I'm a linux sysadmin, since 2019 I also work with freebsd. I see the benefits of freebsd and package management. But according to me the update/upgrade mechanism with poudriere is a complex and time consuming operation.  We have 20 freebsd servers  (web, database,proxy ...) all managed by poudriere.  The first time I build the ports I have to do an inventory of all the installed  packages (without the dependencies,pkg query) merge the output of all the servers.
After the build I installed new packages with poudriere without  updating the packagelist. I know this is my fault, but at this moment the packagelist is not complete.  Now I have to look what packages I'm missing and add them to the packagelist.  I would be easy if I can build the packagelist based on the builded ports at the poudriere server.


----------



## SirDice (Jan 23, 2020)

cm-vdp said:


> I would be easy if I can build the packagelist based on the builded ports at the poudriere server.
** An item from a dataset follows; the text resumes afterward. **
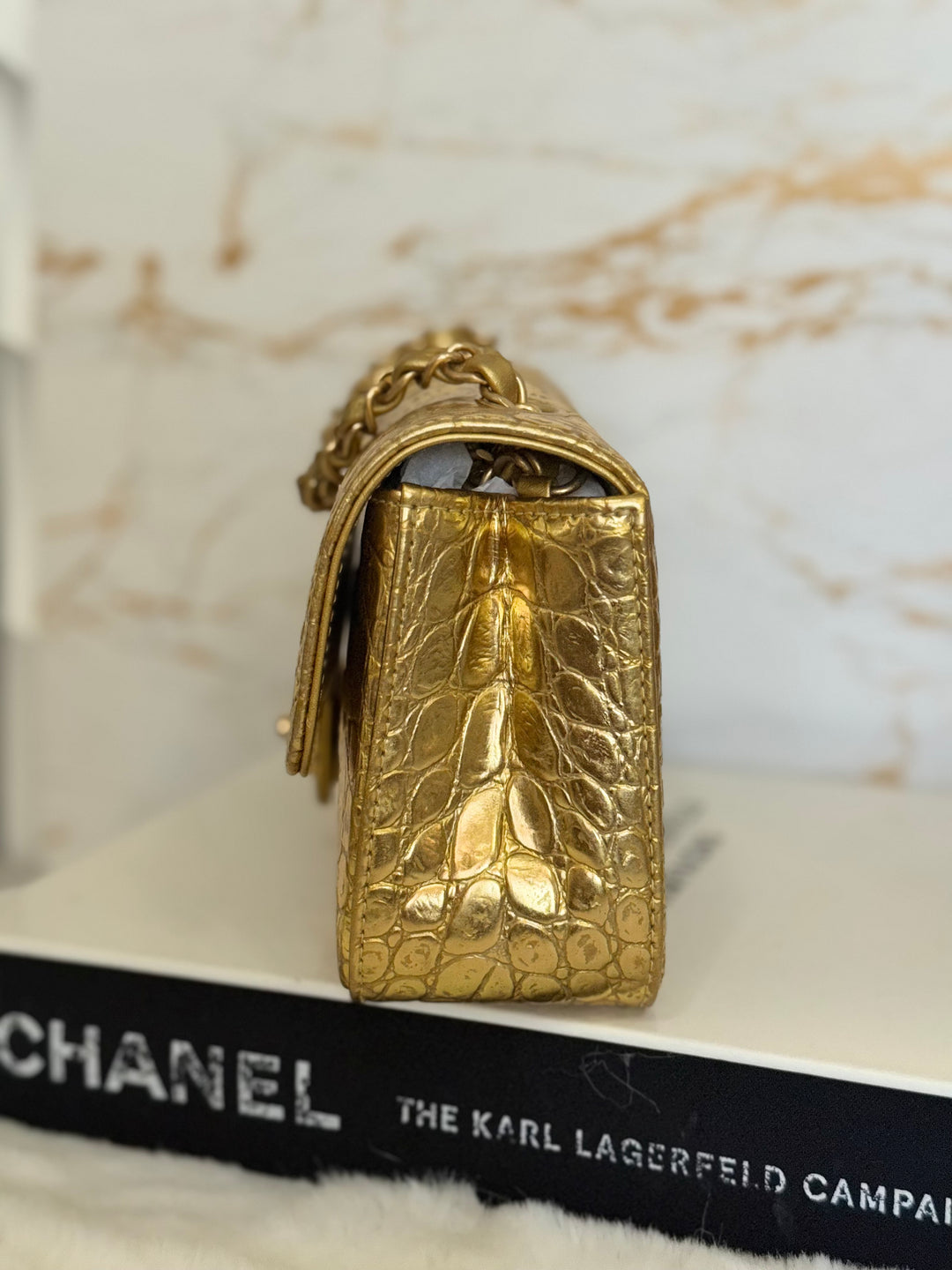 CHANEL series 28 19A Metiers d'Art collection Gold Croc Embossed Calf Skin Mini Rectangular Flap Bag with Aged GHW 2019 RARE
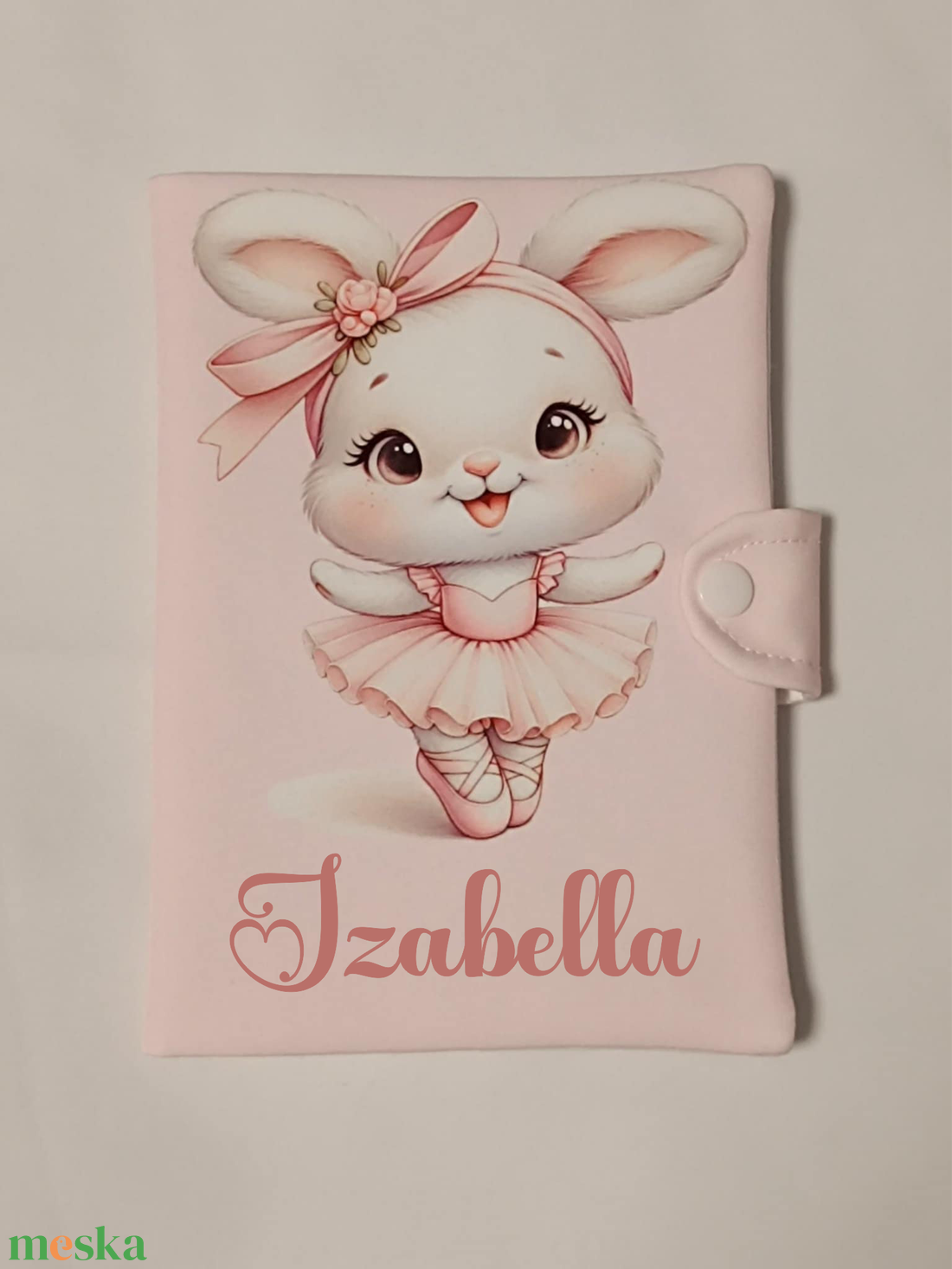 Nyuszi textil egészségügyi kiskönyv borító névvel  - otthon & életmód - papír, írószer - egészségügyi kiskönyv borító - Meska.hu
Start with the output from `pkg leaf`. Once you have a good, complete list try to work the other way around. Add it to the package list first, then let it run a build. This new build should only build the things that are missing. Run a regular `pkg version -vRL=` and watch for orphans (they'll show up with a question mark).


----------



## cm-vdp (Jan 23, 2020)

OK thanks !! you're great


----------